What you should do:
Write out the lines below exactly, beginning at the one with "bathroom with tiled" and stopping after the one with "Red mailbox in"; the pictures are not copied.

Data listing:
^^^^^^^^^^^^^^^^

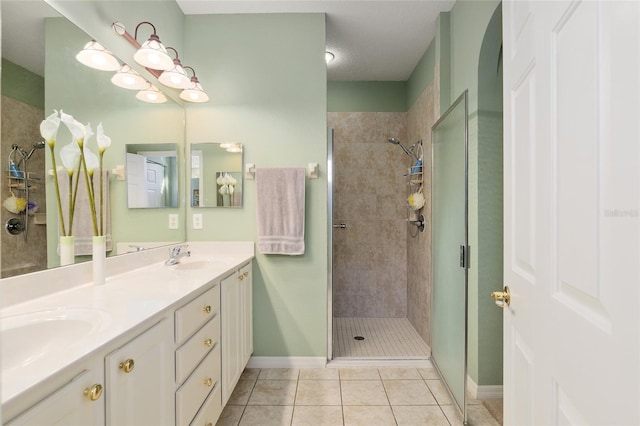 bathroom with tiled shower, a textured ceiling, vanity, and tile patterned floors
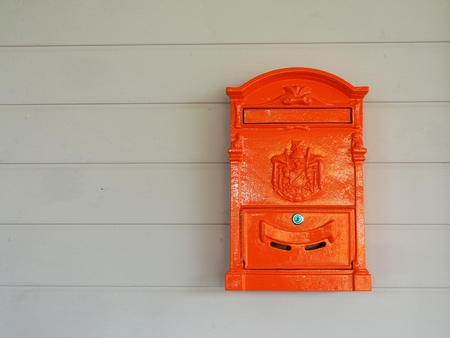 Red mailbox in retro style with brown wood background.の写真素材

^^^^^^^^^^^^^^^^

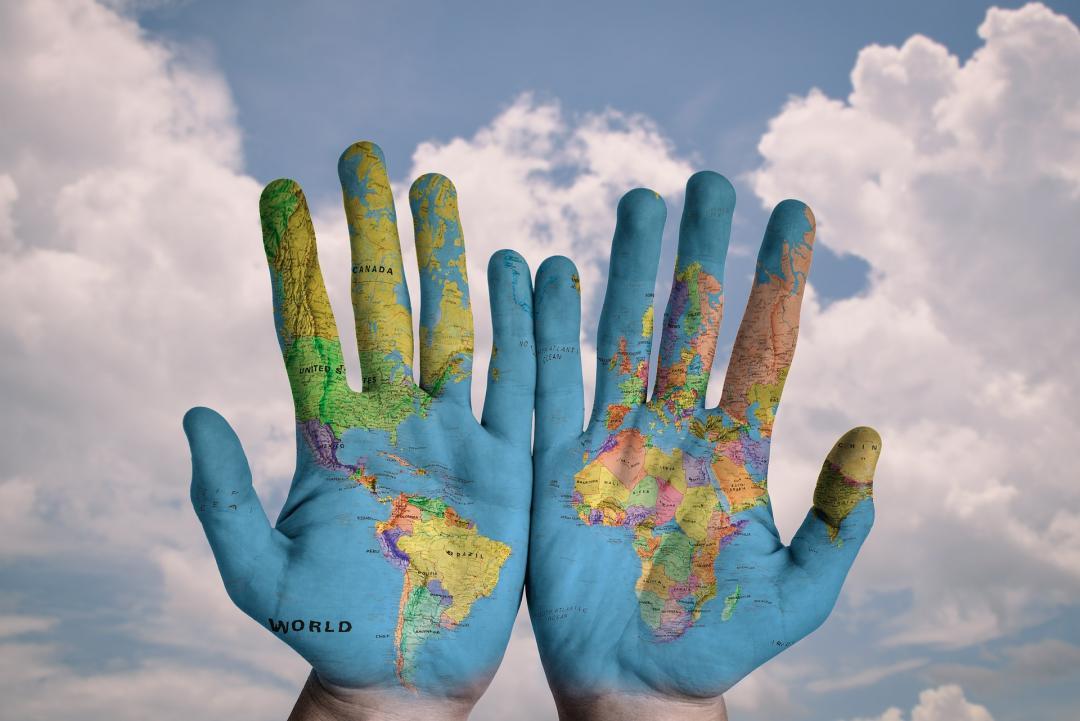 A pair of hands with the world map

^^^^^^^^^^^^^^^^

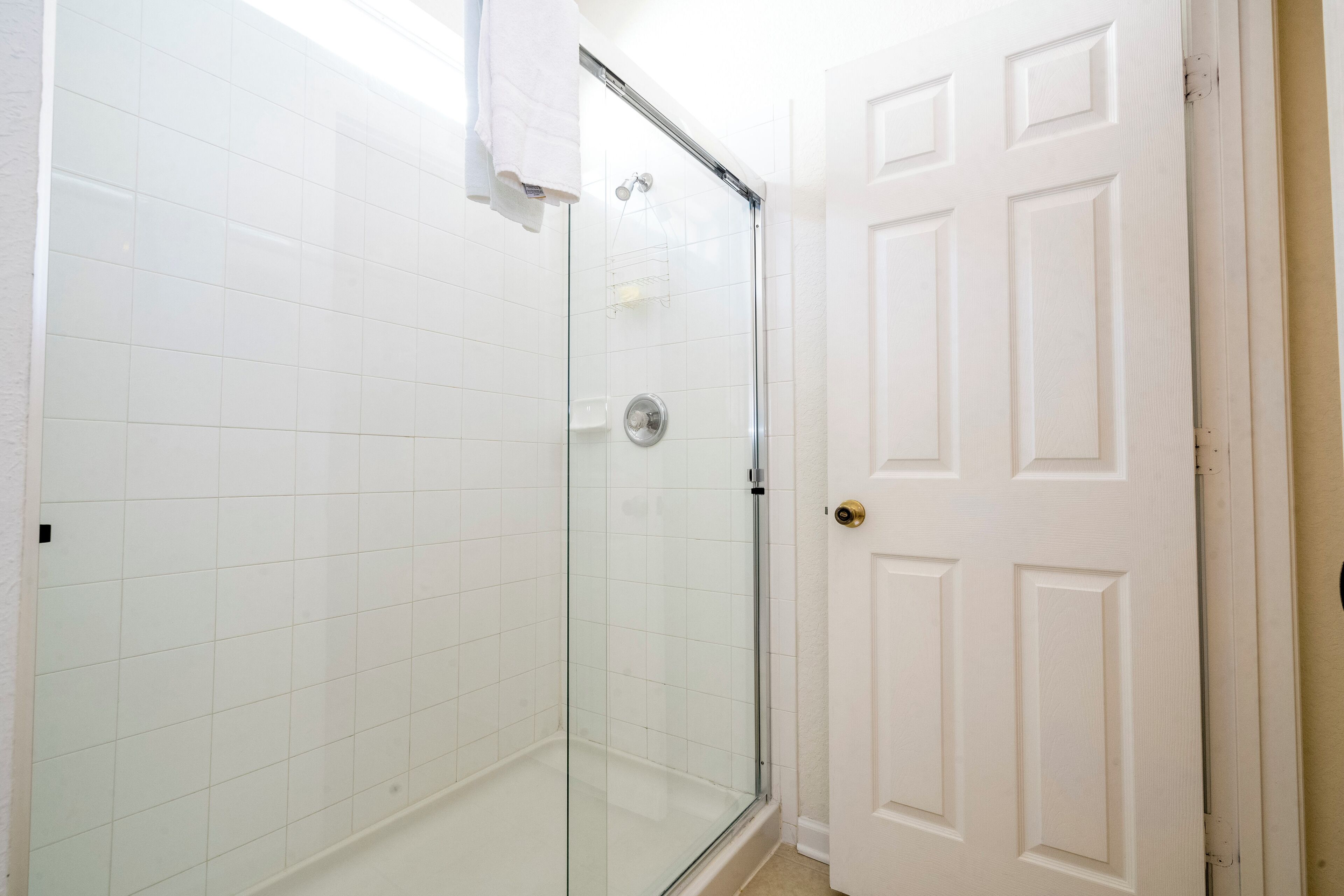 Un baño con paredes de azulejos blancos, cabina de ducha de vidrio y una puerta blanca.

^^^^^^^^^^^^^^^^

Exercise result:
 bathroom with tiled shower, a textured ceiling, vanity, and tile patterned floors
 Red mailbox in retro style with brown wood background.の写真素材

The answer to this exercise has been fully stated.